*** Opening of Data for analysis ***
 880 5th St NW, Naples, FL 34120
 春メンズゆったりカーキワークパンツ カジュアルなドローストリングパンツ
*** Close of Data for analysis ***
*** Opening of Data for analysis ***
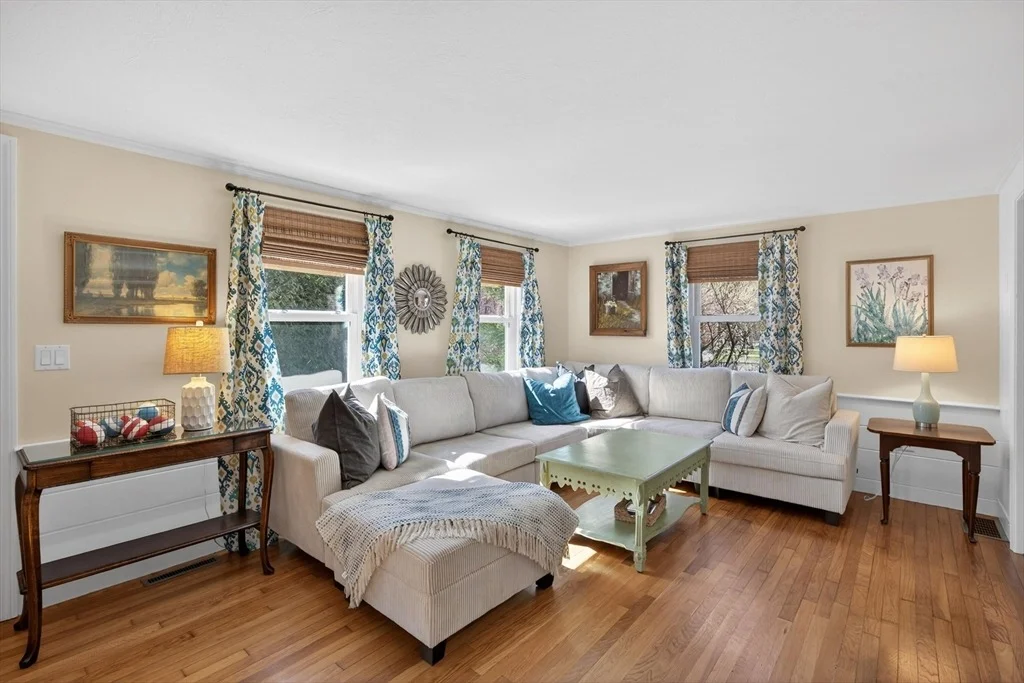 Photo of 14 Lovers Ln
*** Close of Data for analysis ***
Search the listing above for the lines with "880 5th St NW, Naples, FL 34120" and "春メンズゆったりカーキワークパンツ カジュアルなドローストリングパンツ", then output those lines and all lines between them exactly.

 880 5th St NW, Naples, FL 34120
 春メンズゆったりカーキワークパンツ カジュアルなドローストリングパンツ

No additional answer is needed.